Re: Myanmar Page @ Chapter 11

From: Asmus Freytag (asmusf@ix.netcom.com)
Date: Sat Mar 01 2008 - 21:43:43 CST

  • Next message: David Starner: "Re: Myanmar Page @ Chapter 11"

    On 3/1/2008 9:58 AM, David Starner wrote:
    > On Sat, Mar 1, 2008 at 12:53 AM, Javier SOLA <lists@khmeros.info> wrote:
    >
    >> Dear Ngwe Tun,
    >>
    >> Why is it important to encode the fractions? Are they a common part of
    >> Myanmar text? Fractions are usually not encoded in other languages.
    >>
    >
    > Unicode intends to be a complete standard for encoding text, including
    > a huge array of characters including the interrobang, obscure phonetic
    > characters, characters for obsolete orthographies for small languages,
    > and Chinese characters found only in dictionaries.
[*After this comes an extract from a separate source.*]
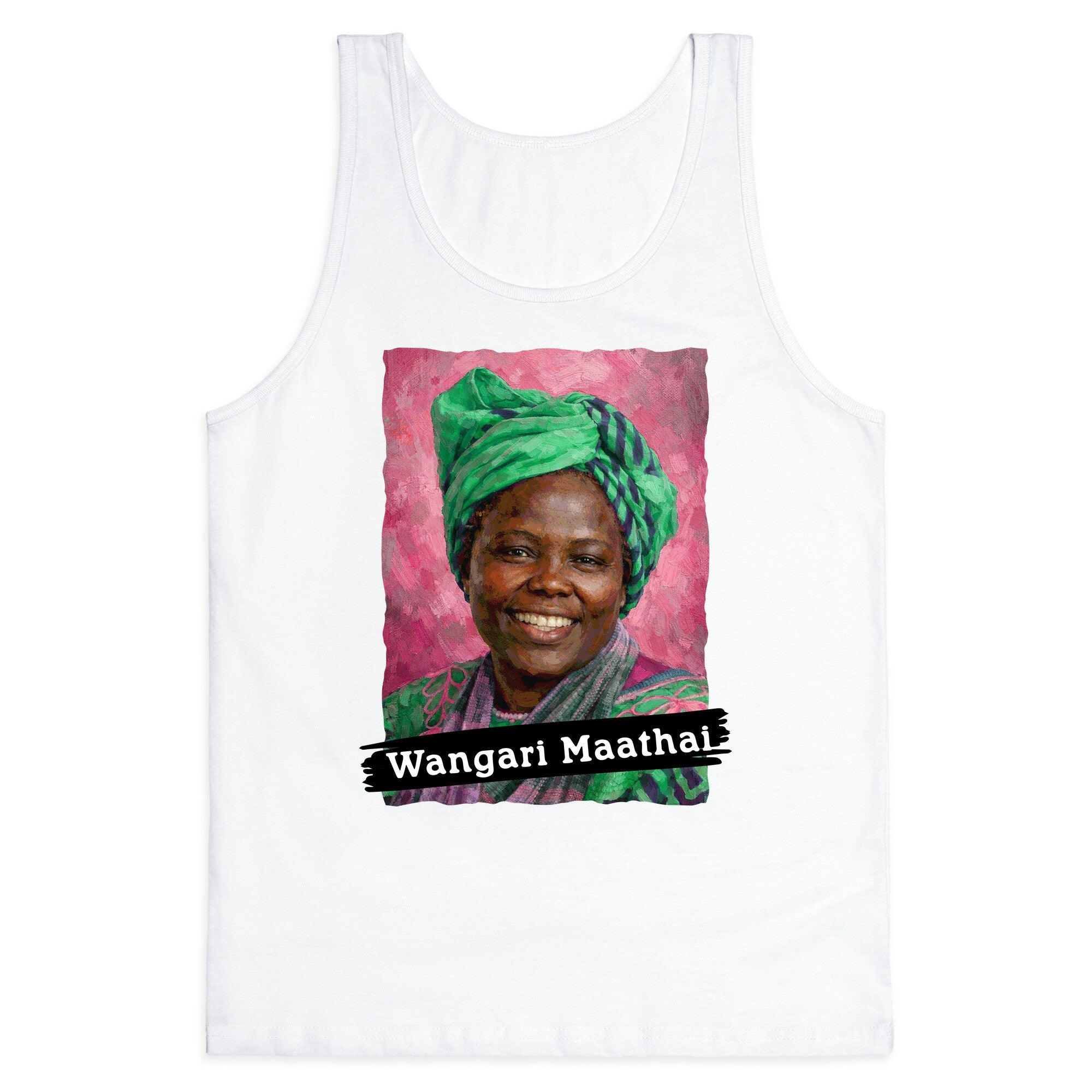 Wangari Maathai Tank Top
A character does
    > not need to be a common part of Myanmar text to be worth encoding.
    > None of this affects Kent Karlsson's argument that they've already
    > been encoded, of course.
    >
    >
    >
    >
    The question whether a character is common (or part of a common script)
    is not as important as whether it is something that (1) can and (2)
    should be standardized.

    (1) Things for which there is conflicting or sketchy usage information,
    or uncertainty about meaning and (salient features and permitted
    variation of) appearance (or both) simply can't be standardized, because
    the act of standardization requires that such information be available,
    sufficient, and settled.

    (2) Things that are private, short-lived, whimsical, idiosyncratic, or
    don't fit a reasonable description of "character" are things that
    shouldn't be standardized. (Also things that would violate stability
    policies). Character codes are forever, and standardization implies that
    there are both senders and receivers that will be interested in
    exchanging this character, and (at least some) implementations will
    incur the costs to make the possibility of such interchange real.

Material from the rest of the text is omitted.